* _ACTION ITEM_
Below are some records; output all of them exactly.

* _INFORMATION SUPPLIED_
_ _ _ _
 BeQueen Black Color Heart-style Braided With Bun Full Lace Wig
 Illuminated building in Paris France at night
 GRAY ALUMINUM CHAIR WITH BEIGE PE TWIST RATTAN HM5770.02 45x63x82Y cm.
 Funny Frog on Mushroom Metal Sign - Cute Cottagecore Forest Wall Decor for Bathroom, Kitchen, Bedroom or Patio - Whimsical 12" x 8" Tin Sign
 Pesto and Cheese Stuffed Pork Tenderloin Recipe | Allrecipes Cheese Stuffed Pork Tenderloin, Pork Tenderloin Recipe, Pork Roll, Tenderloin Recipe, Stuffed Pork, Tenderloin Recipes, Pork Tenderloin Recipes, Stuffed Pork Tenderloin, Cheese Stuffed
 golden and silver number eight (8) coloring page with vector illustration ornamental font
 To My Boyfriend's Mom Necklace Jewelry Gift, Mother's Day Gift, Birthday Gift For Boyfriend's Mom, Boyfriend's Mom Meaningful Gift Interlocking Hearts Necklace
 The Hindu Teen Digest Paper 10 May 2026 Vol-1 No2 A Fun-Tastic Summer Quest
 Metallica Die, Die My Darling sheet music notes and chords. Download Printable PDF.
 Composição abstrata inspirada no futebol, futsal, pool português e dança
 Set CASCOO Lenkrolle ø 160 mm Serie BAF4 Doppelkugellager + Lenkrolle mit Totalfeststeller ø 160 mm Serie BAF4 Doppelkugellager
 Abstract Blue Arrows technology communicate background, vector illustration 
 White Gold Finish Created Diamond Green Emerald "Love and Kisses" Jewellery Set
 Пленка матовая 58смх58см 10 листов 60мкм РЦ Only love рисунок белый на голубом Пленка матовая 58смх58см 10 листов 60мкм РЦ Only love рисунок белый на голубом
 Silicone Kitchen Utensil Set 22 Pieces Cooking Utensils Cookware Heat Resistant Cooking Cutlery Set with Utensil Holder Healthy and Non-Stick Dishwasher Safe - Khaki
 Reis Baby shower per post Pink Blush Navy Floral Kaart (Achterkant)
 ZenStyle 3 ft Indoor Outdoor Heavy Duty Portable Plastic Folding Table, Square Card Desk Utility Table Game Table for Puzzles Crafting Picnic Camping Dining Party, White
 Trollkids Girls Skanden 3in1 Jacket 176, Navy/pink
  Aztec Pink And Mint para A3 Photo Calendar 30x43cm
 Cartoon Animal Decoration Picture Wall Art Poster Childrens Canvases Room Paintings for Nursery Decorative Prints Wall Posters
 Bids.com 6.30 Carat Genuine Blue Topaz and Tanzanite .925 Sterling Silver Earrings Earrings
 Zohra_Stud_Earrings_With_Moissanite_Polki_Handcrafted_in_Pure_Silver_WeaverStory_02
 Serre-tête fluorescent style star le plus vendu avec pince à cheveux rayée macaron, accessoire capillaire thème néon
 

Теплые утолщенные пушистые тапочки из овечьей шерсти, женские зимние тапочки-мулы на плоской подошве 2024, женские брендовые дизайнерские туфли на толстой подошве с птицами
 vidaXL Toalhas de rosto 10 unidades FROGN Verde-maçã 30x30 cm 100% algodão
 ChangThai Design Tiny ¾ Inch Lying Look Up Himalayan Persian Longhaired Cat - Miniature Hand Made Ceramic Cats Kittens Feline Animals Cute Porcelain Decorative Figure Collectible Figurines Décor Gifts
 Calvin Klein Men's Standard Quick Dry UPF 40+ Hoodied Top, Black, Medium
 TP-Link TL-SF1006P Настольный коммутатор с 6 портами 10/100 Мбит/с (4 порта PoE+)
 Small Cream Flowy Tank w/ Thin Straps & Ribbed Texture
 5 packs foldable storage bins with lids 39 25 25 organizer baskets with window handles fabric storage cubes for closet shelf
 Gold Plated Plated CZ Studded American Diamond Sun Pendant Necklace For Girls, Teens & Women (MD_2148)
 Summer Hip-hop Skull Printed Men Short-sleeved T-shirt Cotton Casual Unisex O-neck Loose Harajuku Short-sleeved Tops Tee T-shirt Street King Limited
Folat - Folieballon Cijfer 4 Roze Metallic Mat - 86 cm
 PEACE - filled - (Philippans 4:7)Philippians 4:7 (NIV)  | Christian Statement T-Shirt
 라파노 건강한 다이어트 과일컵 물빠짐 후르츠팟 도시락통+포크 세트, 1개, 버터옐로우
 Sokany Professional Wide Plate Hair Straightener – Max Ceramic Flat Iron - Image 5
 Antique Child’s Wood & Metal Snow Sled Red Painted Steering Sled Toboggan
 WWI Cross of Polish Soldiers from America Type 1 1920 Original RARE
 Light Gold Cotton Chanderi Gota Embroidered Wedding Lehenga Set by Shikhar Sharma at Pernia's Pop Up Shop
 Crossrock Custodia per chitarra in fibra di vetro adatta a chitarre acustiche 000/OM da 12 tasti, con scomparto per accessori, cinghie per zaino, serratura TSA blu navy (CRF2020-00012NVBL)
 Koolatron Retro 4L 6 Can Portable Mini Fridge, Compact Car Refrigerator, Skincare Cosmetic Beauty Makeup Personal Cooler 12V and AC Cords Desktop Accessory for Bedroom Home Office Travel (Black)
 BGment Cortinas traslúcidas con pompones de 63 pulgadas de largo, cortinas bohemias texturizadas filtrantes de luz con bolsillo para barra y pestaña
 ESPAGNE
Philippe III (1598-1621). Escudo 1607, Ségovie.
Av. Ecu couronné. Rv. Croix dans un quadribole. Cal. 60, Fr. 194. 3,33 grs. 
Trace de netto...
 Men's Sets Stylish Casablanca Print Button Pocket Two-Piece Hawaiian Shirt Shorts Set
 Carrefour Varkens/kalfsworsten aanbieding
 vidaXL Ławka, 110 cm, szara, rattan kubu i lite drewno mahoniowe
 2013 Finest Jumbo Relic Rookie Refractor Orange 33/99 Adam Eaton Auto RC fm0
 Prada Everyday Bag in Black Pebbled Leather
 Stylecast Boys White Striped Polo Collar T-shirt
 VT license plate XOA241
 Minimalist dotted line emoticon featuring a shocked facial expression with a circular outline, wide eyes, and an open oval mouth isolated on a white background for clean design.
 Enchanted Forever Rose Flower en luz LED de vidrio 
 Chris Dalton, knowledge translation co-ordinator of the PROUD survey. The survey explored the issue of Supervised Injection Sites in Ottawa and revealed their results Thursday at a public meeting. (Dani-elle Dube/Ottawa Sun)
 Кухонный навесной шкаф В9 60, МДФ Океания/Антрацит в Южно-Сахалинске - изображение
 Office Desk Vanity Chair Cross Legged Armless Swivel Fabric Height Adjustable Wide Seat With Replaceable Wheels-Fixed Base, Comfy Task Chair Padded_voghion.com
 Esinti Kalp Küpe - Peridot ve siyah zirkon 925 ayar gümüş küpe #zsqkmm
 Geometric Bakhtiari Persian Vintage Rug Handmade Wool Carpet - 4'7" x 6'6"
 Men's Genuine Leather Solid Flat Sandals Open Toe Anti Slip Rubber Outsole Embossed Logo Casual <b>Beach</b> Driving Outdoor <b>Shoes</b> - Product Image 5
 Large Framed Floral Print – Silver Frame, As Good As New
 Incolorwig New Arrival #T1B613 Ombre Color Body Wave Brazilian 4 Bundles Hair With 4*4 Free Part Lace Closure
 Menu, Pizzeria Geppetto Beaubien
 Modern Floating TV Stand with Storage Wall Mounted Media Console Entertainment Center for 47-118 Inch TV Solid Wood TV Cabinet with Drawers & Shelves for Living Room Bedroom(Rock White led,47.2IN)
_ _ _ _
* _ANSWER SECTION_
 BeQueen Black Color Heart-style Braided With Bun Full Lace Wig
 Illuminated building in Paris France at night
 GRAY ALUMINUM CHAIR WITH BEIGE PE TWIST RATTAN HM5770.02 45x63x82Y cm.
 Funny Frog on Mushroom Metal Sign - Cute Cottagecore Forest Wall Decor for Bathroom, Kitchen, Bedroom or Patio - Whimsical 12" x 8" Tin Sign
 Pesto and Cheese Stuffed Pork Tenderloin Recipe | Allrecipes Cheese Stuffed Pork Tenderloin, Pork Tenderloin Recipe, Pork Roll, Tenderloin Recipe, Stuffed Pork, Tenderloin Recipes, Pork Tenderloin Recipes, Stuffed Pork Tenderloin, Cheese Stuffed
 golden and silver number eight (8) coloring page with vector illustration ornamental font
 To My Boyfriend's Mom Necklace Jewelry Gift, Mother's Day Gift, Birthday Gift For Boyfriend's Mom, Boyfriend's Mom Meaningful Gift Interlocking Hearts Necklace
 The Hindu Teen Digest Paper 10 May 2026 Vol-1 No2 A Fun-Tastic Summer Quest
 Metallica Die, Die My Darling sheet music notes and chords. Download Printable PDF.
 Composição abstrata inspirada no futebol, futsal, pool português e dança
 Set CASCOO Lenkrolle ø 160 mm Serie BAF4 Doppelkugellager + Lenkrolle mit Totalfeststeller ø 160 mm Serie BAF4 Doppelkugellager
 Abstract Blue Arrows technology communicate background, vector illustration 
 White Gold Finish Created Diamond Green Emerald "Love and Kisses" Jewellery Set
 Пленка матовая 58смх58см 10 листов 60мкм РЦ Only love рисунок белый на голубом Пленка матовая 58смх58см 10 листов 60мкм РЦ Only love рисунок белый на голубом
 Silicone Kitchen Utensil Set 22 Pieces Cooking Utensils Cookware Heat Resistant Cooking Cutlery Set with Utensil Holder Healthy and Non-Stick Dishwasher Safe - Khaki
 Reis Baby shower per post Pink Blush Navy Floral Kaart (Achterkant)
 ZenStyle 3 ft Indoor Outdoor Heavy Duty Portable Plastic Folding Table, Square Card Desk Utility Table Game Table for Puzzles Crafting Picnic Camping Dining Party, White
 Trollkids Girls Skanden 3in1 Jacket 176, Navy/pink
  Aztec Pink And Mint para A3 Photo Calendar 30x43cm
 Cartoon Animal Decoration Picture Wall Art Poster Childrens Canvases Room Paintings for Nursery Decorative Prints Wall Posters
 Bids.com 6.30 Carat Genuine Blue Topaz and Tanzanite .925 Sterling Silver Earrings Earrings
 Zohra_Stud_Earrings_With_Moissanite_Polki_Handcrafted_in_Pure_Silver_WeaverStory_02
 Serre-tête fluorescent style star le plus vendu avec pince à cheveux rayée macaron, accessoire capillaire thème néon
 

Теплые утолщенные пушистые тапочки из овечьей шерсти, женские зимние тапочки-мулы на плоской подошве 2024, женские брендовые дизайнерские туфли на толстой подошве с птицами
 vidaXL Toalhas de rosto 10 unidades FROGN Verde-maçã 30x30 cm 100% algodão
 ChangThai Design Tiny ¾ Inch Lying Look Up Himalayan Persian Longhaired Cat - Miniature Hand Made Ceramic Cats Kittens Feline Animals Cute Porcelain Decorative Figure Collectible Figurines Décor Gifts
 Calvin Klein Men's Standard Quick Dry UPF 40+ Hoodied Top, Black, Medium
 TP-Link TL-SF1006P Настольный коммутатор с 6 портами 10/100 Мбит/с (4 порта PoE+)
 Small Cream Flowy Tank w/ Thin Straps & Ribbed Texture
 5 packs foldable storage bins with lids 39 25 25 organizer baskets with window handles fabric storage cubes for closet shelf
 Gold Plated Plated CZ Studded American Diamond Sun Pendant Necklace For Girls, Teens & Women (MD_2148)
 Summer Hip-hop Skull Printed Men Short-sleeved T-shirt Cotton Casual Unisex O-neck Loose Harajuku Short-sleeved Tops Tee T-shirt Street King Limited
Folat - Folieballon Cijfer 4 Roze Metallic Mat - 86 cm
 PEACE - filled - (Philippans 4:7)Philippians 4:7 (NIV)  | Christian Statement T-Shirt
 라파노 건강한 다이어트 과일컵 물빠짐 후르츠팟 도시락통+포크 세트, 1개, 버터옐로우
 Sokany Professional Wide Plate Hair Straightener – Max Ceramic Flat Iron - Image 5
 Antique Child’s Wood & Metal Snow Sled Red Painted Steering Sled Toboggan
 WWI Cross of Polish Soldiers from America Type 1 1920 Original RARE
 Light Gold Cotton Chanderi Gota Embroidered Wedding Lehenga Set by Shikhar Sharma at Pernia's Pop Up Shop
 Crossrock Custodia per chitarra in fibra di vetro adatta a chitarre acustiche 000/OM da 12 tasti, con scomparto per accessori, cinghie per zaino, serratura TSA blu navy (CRF2020-00012NVBL)
 Koolatron Retro 4L 6 Can Portable Mini Fridge, Compact Car Refrigerator, Skincare Cosmetic Beauty Makeup Personal Cooler 12V and AC Cords Desktop Accessory for Bedroom Home Office Travel (Black)
 BGment Cortinas traslúcidas con pompones de 63 pulgadas de largo, cortinas bohemias texturizadas filtrantes de luz con bolsillo para barra y pestaña
 ESPAGNE
Philippe III (1598-1621). Escudo 1607, Ségovie.
Av. Ecu couronné. Rv. Croix dans un quadribole. Cal. 60, Fr. 194. 3,33 grs. 
Trace de netto...
 Men's Sets Stylish Casablanca Print Button Pocket Two-Piece Hawaiian Shirt Shorts Set
 Carrefour Varkens/kalfsworsten aanbieding
 vidaXL Ławka, 110 cm, szara, rattan kubu i lite drewno mahoniowe
 2013 Finest Jumbo Relic Rookie Refractor Orange 33/99 Adam Eaton Auto RC fm0
 Prada Everyday Bag in Black Pebbled Leather
 Stylecast Boys White Striped Polo Collar T-shirt
 VT license plate XOA241
 Minimalist dotted line emoticon featuring a shocked facial expression with a circular outline, wide eyes, and an open oval mouth isolated on a white background for clean design.
 Enchanted Forever Rose Flower en luz LED de vidrio 
 Chris Dalton, knowledge translation co-ordinator of the PROUD survey. The survey explored the issue of Supervised Injection Sites in Ottawa and revealed their results Thursday at a public meeting. (Dani-elle Dube/Ottawa Sun)
 Кухонный навесной шкаф В9 60, МДФ Океания/Антрацит в Южно-Сахалинске - изображение
 Office Desk Vanity Chair Cross Legged Armless Swivel Fabric Height Adjustable Wide Seat With Replaceable Wheels-Fixed Base, Comfy Task Chair Padded_voghion.com
 Esinti Kalp Küpe - Peridot ve siyah zirkon 925 ayar gümüş küpe #zsqkmm
 Geometric Bakhtiari Persian Vintage Rug Handmade Wool Carpet - 4'7" x 6'6"
 Men's Genuine Leather Solid Flat Sandals Open Toe Anti Slip Rubber Outsole Embossed Logo Casual <b>Beach</b> Driving Outdoor <b>Shoes</b> - Product Image 5
 Large Framed Floral Print – Silver Frame, As Good As New
 Incolorwig New Arrival #T1B613 Ombre Color Body Wave Brazilian 4 Bundles Hair With 4*4 Free Part Lace Closure
 Menu, Pizzeria Geppetto Beaubien
 Modern Floating TV Stand with Storage Wall Mounted Media Console Entertainment Center for 47-118 Inch TV Solid Wood TV Cabinet with Drawers & Shelves for Living Room Bedroom(Rock White led,47.2IN)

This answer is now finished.